Pharmaceutical firm replaces ad-hoc Microsoft infrastructure with cloud services

By Ellen Messmer, Network World |  Virtualization Add a new comment

Amag Pharmaceuticals, based in Lexington, Mass., has almost eliminated its internal server network, and couldn't be happier about it. That's because the company, with about 240 employees, is now largely riding on cloud services.

Amag's almost-extinct Windows and Exchange server network had not been well-maintained, cobbled together by employees without oversight of an information-technology division at all, says Nathan McBride, the executive director of IT for the firm. He says he joined the company about three years ago with the express agreement to move the pharma company's network to the cloud.

Company employees had simply gone out and bought what they thought was needed, whether it was laptops, a T-1 line or a switch. But management of it all, especially the Exchange 2003 server, was neglected because there was no one really in charge. But McBride said his goal in becoming the founding member of the IT department wasn't to make the internal network bigger -- it was to shrink it down through a "cloud strategy."

"We call it the five-headed dragon," says McBride about the cloud strategy he put forward calling for use of cloud services for authentication and access, the file system, communications and client management. "I don't think firewalls are necessary. They prohibit work from being accomplished."

While the IT department at Amag did grow with four new technical hires, the company is on track to cut its IT budget overall by adopting cloud services. In addition to moving the Exchange server network to Google Docs, the company also found it could establish single sign-on for employees to use cloud services, whether it was expense reporting, or a specialized healthcare reporting application or SAS business applications hosted in North Carolina. "Everything is in cloud services now," says McBride.

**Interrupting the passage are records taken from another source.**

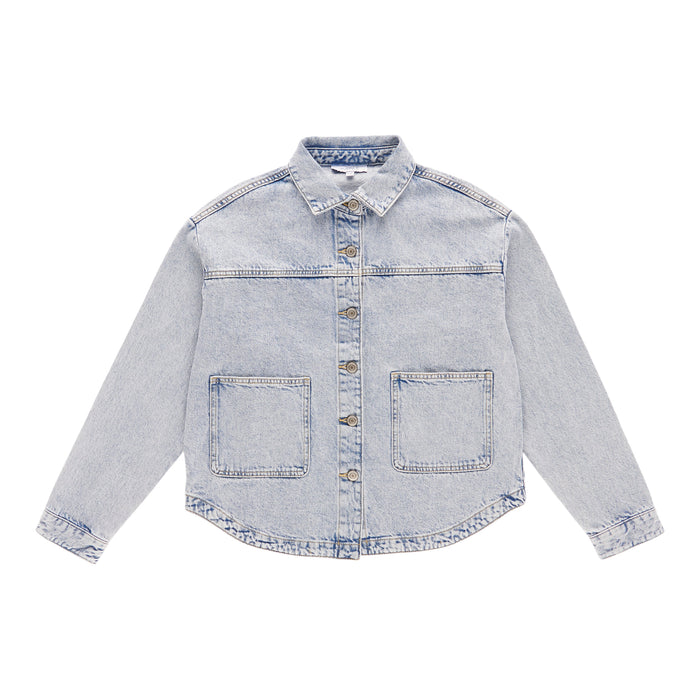 mySTYLE Women's Oxford Denim Shacket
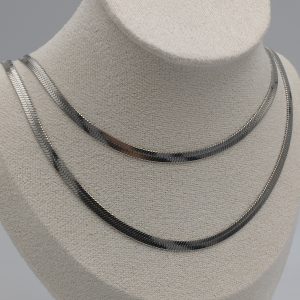 stainless steel snake necklace ατσάλινο διπλό κολιέ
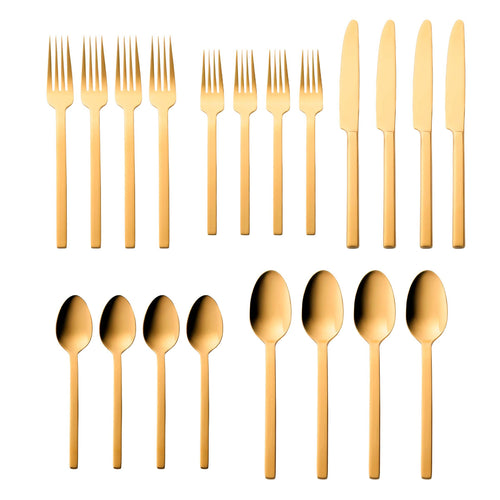 Atlas Mirrored Gold Flatware Set, 20 Piece -Service For 4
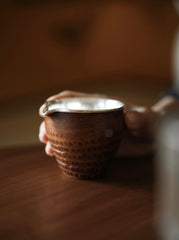 bamboo root tea cup, fair cup, gongdao cup, silver edge tea pitcher, handcrafted tea accessories, wooden tea ware, Japanese tea ceremony, Chinese tea set, handmade tea pitcher, artisanal teaware, Piexlculpt Studio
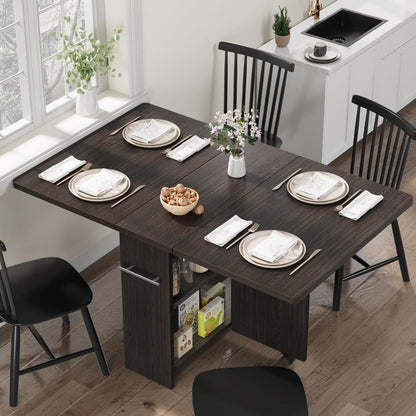 Folding Dining Table, Drop Leaf Dining Table with 6 Wheels and 2-Layer Storage Shelf, Space Saving Dining Table for Small Spaces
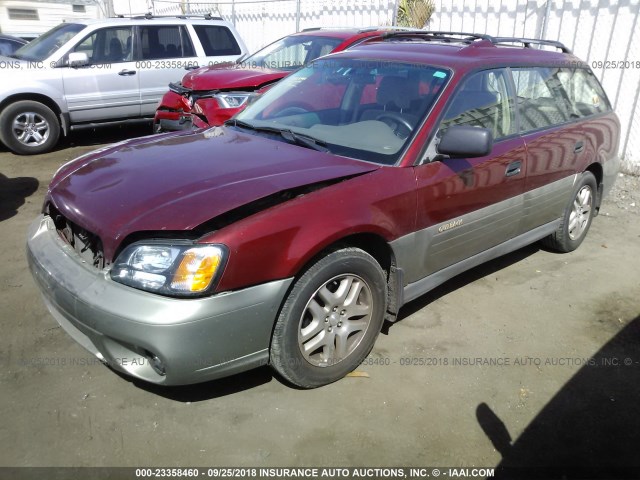 4S3BH675537605634 - 2003 SUBARU LEGACY OUTBACK AWP RED photo 2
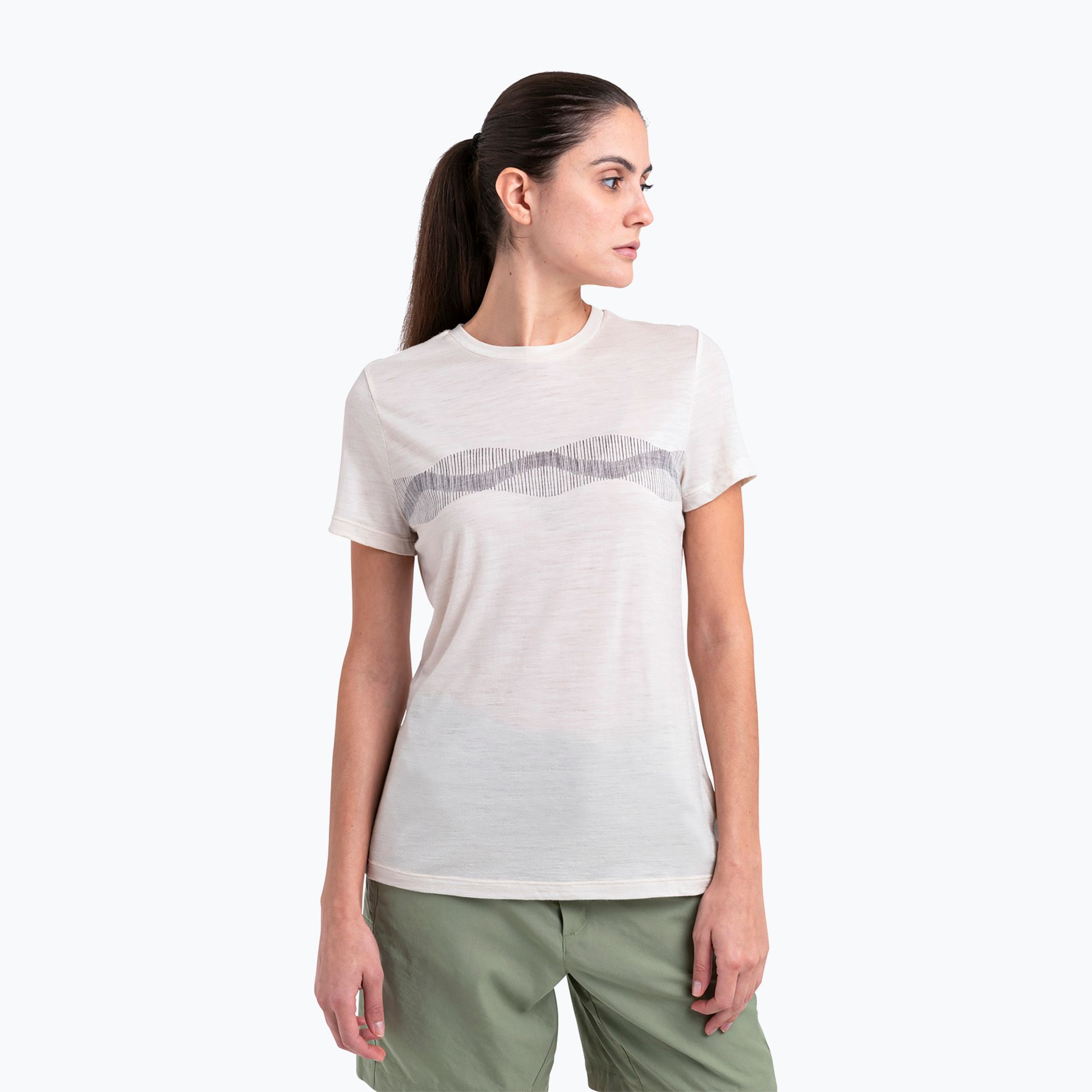 Koszulka trekkingowa damska icebreaker Merino 150 Tech Lite III chalk 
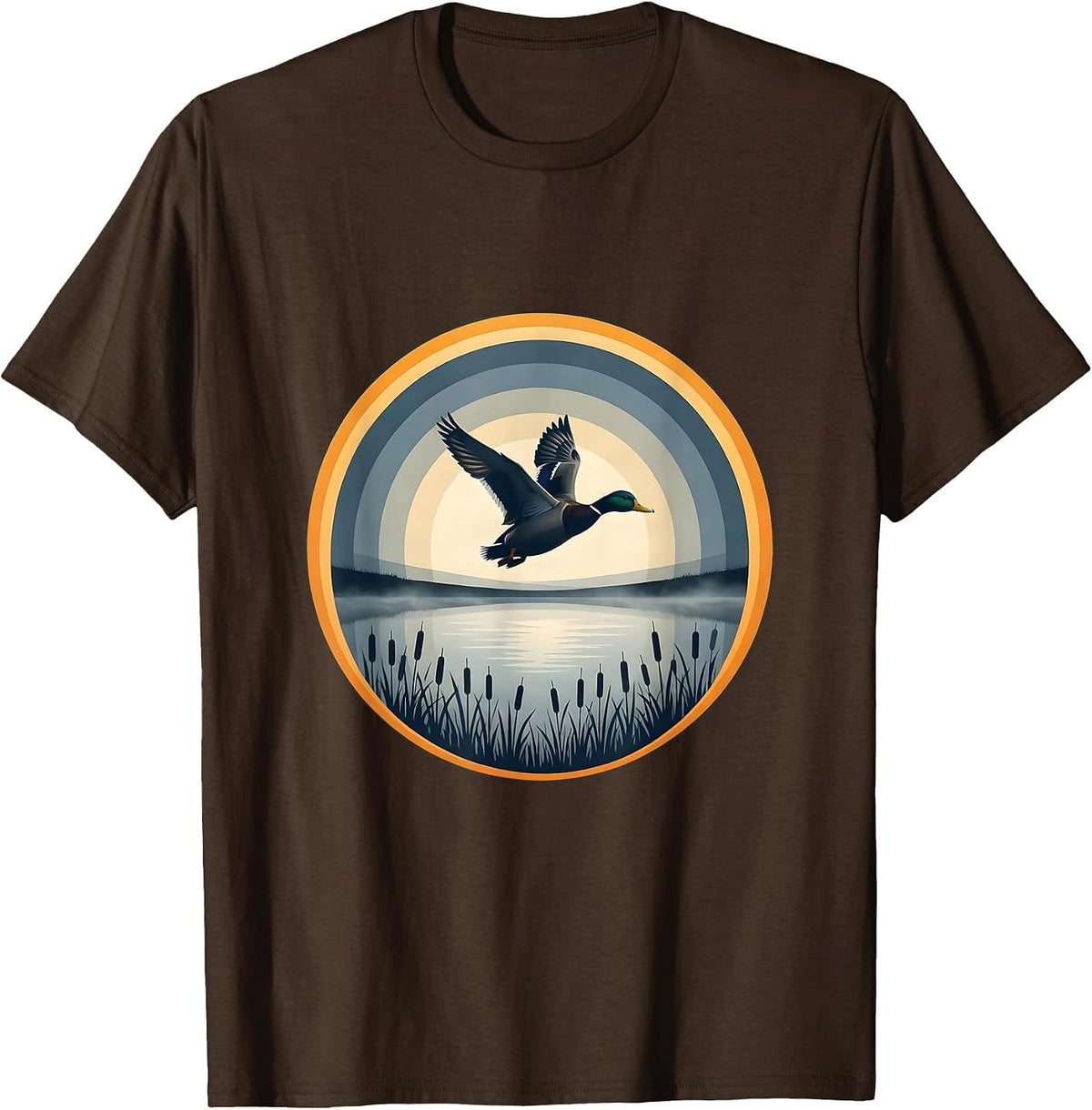 Men's Duck Flying Over Misty Morning Marsh Camo T-Shirt - Brown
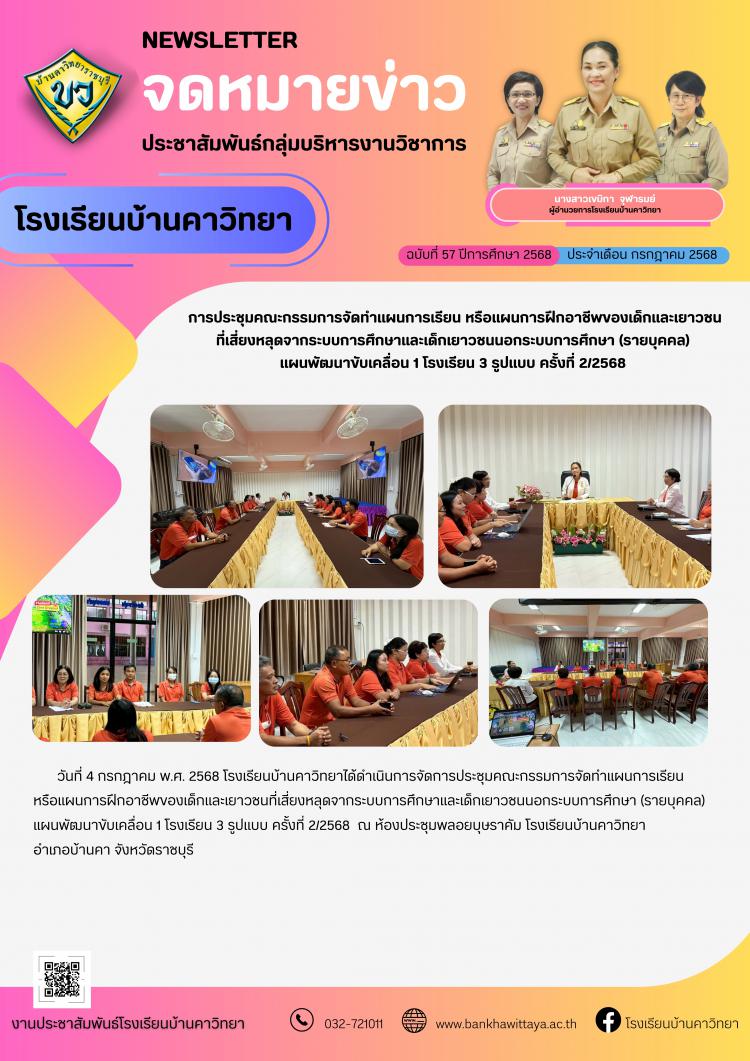 การประชุมคณะกรรมการจัดทำแผนการเรียน หรือแผนการฝึกอาชีพของเด็กและเยาวชน ที่เสี่ยงหลุดจากระบบการศึกษาและเด็กเยาวชนนอกระบบการศึกษา (รายบุคคล) แผนพัฒนาขับเคลื่อน 1 โรงเรียน 3 รูปแบบ ครั้งที่ 2/2568 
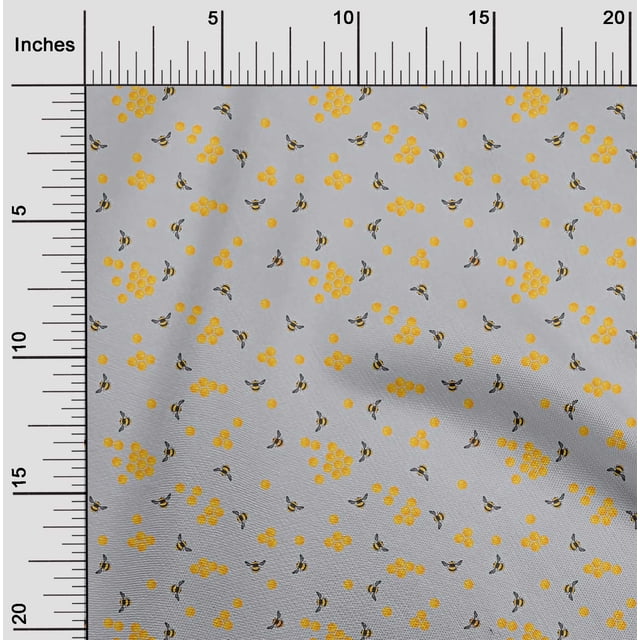oneOone Silk Tabby Fabric Honeycomb & Honey Bee Insect Print Sewing Fabric BTY 42 Inch Wide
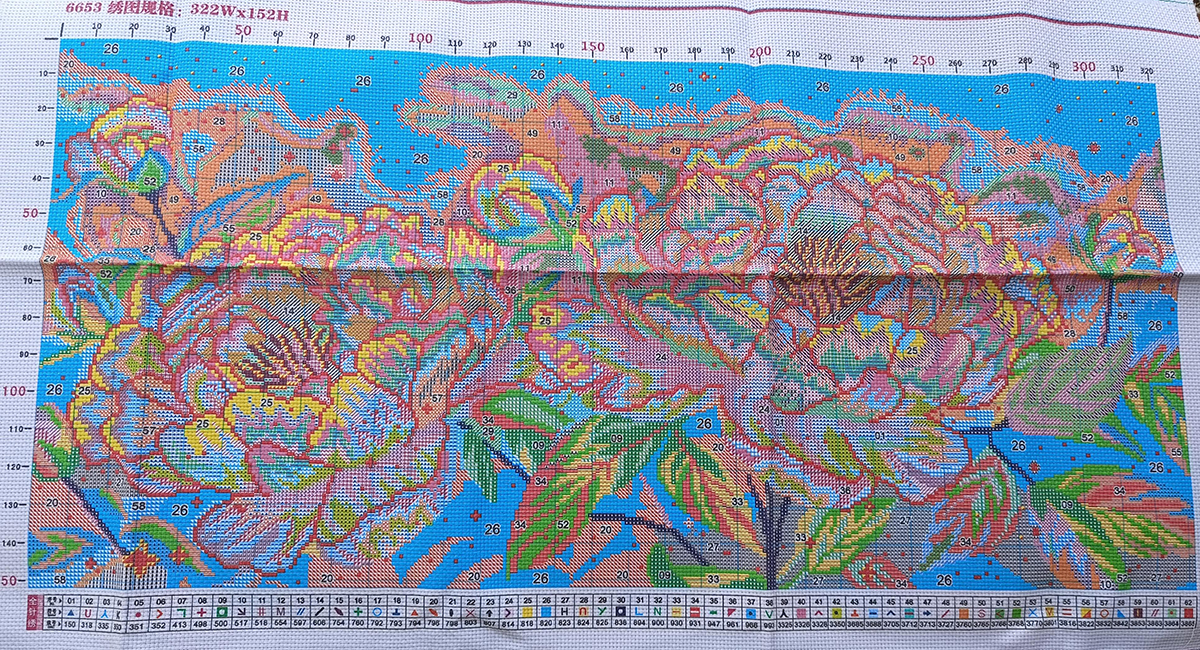 botan-1103 *สินค้าหมด* ชุดปักครอสติช ลายช่อโบตั๋น (ปักเต็มผืนผ้า ไม่มีเดินเส้น ผ้า9CTพิมพ์ลาย ปัก 4 เส้นเล็ก) ขนาด 103*55 ซม.ผ้าครอสติช 9CTพิมพ์ลายปักบนผ้า ไหมคอตตอน 62 สี ผังลาย เข็ม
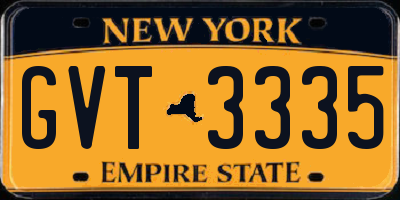 NY license plate GVT3335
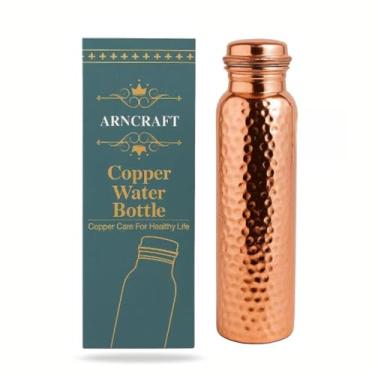 Imagem de ARNCRAFT Garrafa de água de cobre - extra grande de 963 g - um recipiente de cobre puro ayurvédico martelado para beber - beba mais água, reduza sua ingestão de açúcar e aproveite os benefícios para a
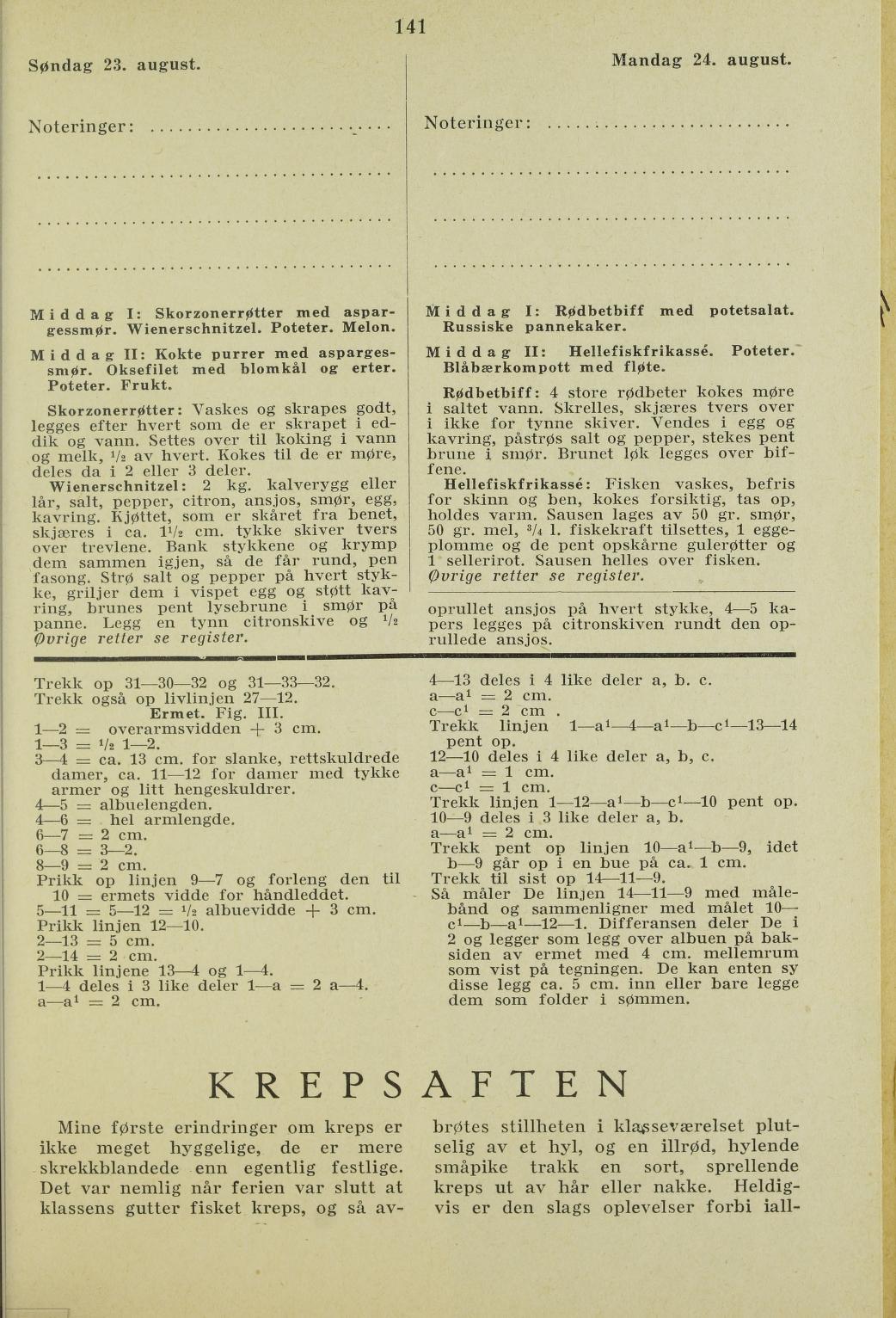 Faksimile av almanakksiden 23. august 1936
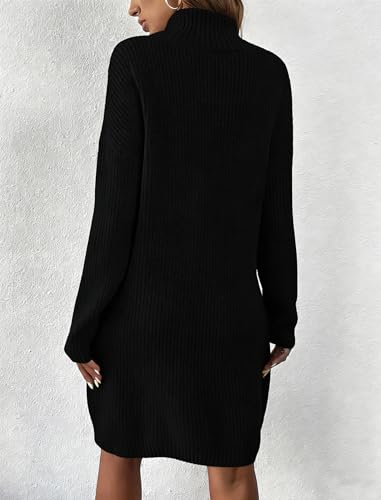 Image of ZAFUL Women's Cropped Turtleneck Sweater Lantern Sleeve Ribbed Knit Pullover Sweater Jumper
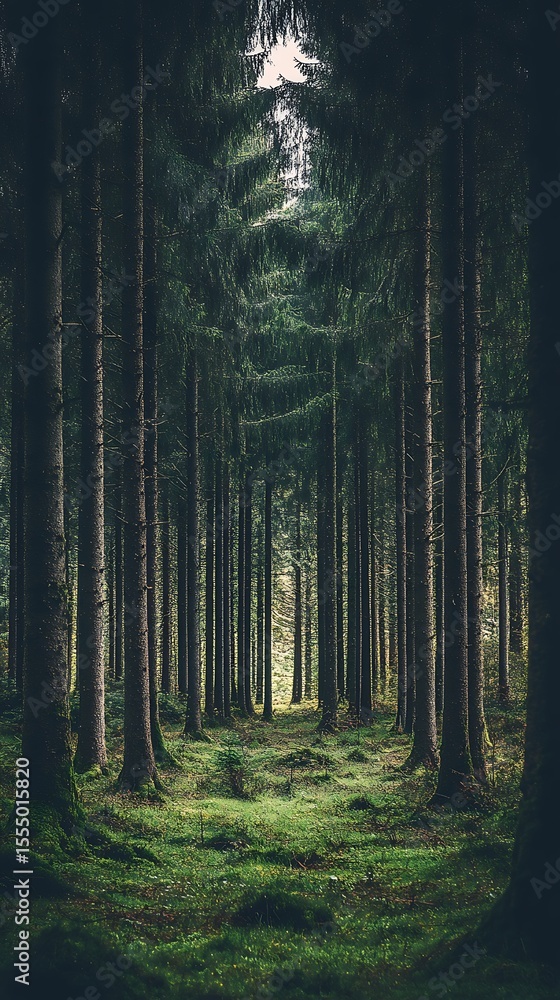 Poster mysterious dark forest. dark path through the mysterious dark forest.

The linchpin for these new cloud services for employees has ended up being cloud-based single-sign-on, says McBride.

He says he looked into what about half a dozen vendors were doing, including Hitachi, Symplified, Okta, IBM Tivoli, Courion and Ping Identity, with the goal the company would migrate off the Imprivata single sign-on appliance it had at the time.

After piloting Okta, Symplified and Ping Identity early last year, the final decision was to go with Okta, says McBride.

One thing Amag looked at was how easy it would be for the cloud vendors to supply specific plug-ins for more than 15 applications. These plug-ins apps would be needed to foster SSO commands between the cloud services, the employee desktops and the cloud-based applications that Amag used elsewhere. "For Okta, the ace card was that they already had it," says McBride. In addition, the CEO from Okta flew in from San Francisco to make the commitment to the SSO project and willingness to build further plug-in apps if need be.

"All the conduits sit at Okta," says McBride. "The user authenticates to Okta," and in the cloud a tunnel is created from the client Web browser to Okta to the application that's hosted in another locale altogether. Instead of storing employee information at Amag, "Okta maintains our profile" of the employee account and which of the many cloud-based services they're allowed to use.

In the new hire or termination process, the hiring manager fills out a form in Google Docs, and depending on the group they're in, they're put in a special profile by Okta, McBride says. The Okta service costs about $25 per person per month.

Any cloud-based service raises the question whether there's a danger of lock-in. Okta is definitely "the broker of trust" with its SSO service, says McBride. But if Amag wanted to transition to another SSO cloud service, it wouldn't be that hard, says McBride. "If we left Okta tomorrow, I'd just cancel my service," he says. "My users would then have to log in remotely themselves." SSO cloud security basically makes it "easier for me to deal with security," he concludes.